No, people should know better than to write regexes like /X(.+)+X/, with gratuitous doubly-nested "+" characters. :-) This code performs fine when written as /X(.+)X/, and it matches the same set of strings.

Regexp engines are subtle beasts, and there's a couple different ways to implement them (DFAs vs NFAs, simple engines vs lots of clever special cases, etc.). See O'Reilly's "Mastering Regular Expressions" for an exhaustive discussion.


Interesting. Any other recommendations on how to secure regex's that take in user input in Ruby/Rails?


First of all you should think hard before taking regexes from users. Even if you do it correctly you'll still (presumably) need to search over your entire dataset, instead of doing something more lightweight like rely on SQL indexes. Use it with care.

You should use a regex engine that's explicitly designed to take potentially hostile input. Like the Plan9 engine, or Google's re2 engine which powers Google Code Search.

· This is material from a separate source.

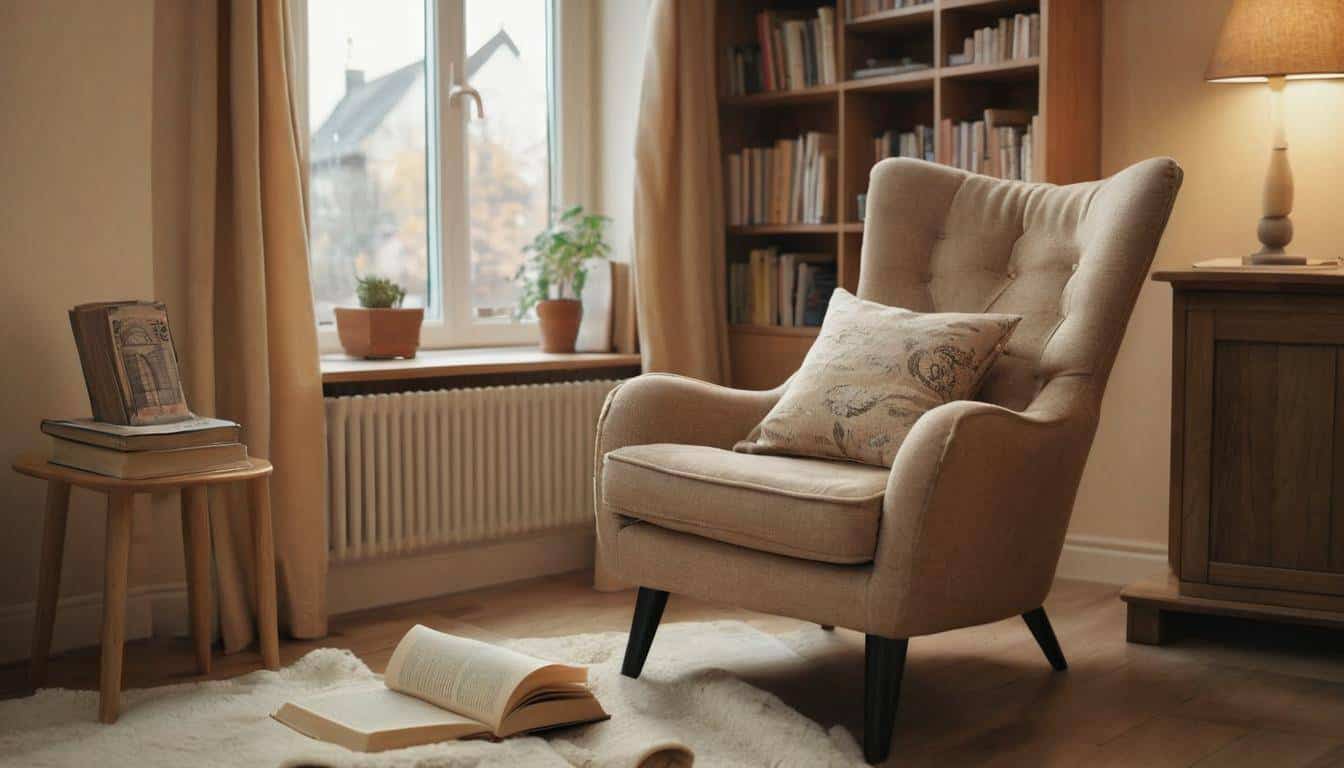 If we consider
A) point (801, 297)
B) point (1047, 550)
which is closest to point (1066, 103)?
point (801, 297)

You can also just use Ruby's dangerous PCRE engine if you do something like forking off another process with strict ulimits which executes the regex for you. Then you can just kill it if it starts running away with your resources. Look into how e.g. evaluation bots that work on the popular IRC channels on FreeNode are implemented. POE::Component::IRC::Plugin::Eval on the CPAN is a good example.


This assumes that PCRE doesn't still contain memory corruption flaws, despite not being heavily tested, and being in effect a programming language interpreter. Tavis Ormandy found a couple serious problems a few years ago.

I'd just scrub the hell out of strings before passing them to a regex engine.


Even if it does it's a pretty remote possibility that it'll be exploitable if you limit the input to say 100 bytes. Pretty hard to get a Perl or Ruby level program of that size to exploit some memory corruption at the C level.


Good advice, thanks you two!


It just seems to me that if Perl's regex engine handles this without a problem, and Ruby's implementation freaks out, something should be improved about the Ruby one.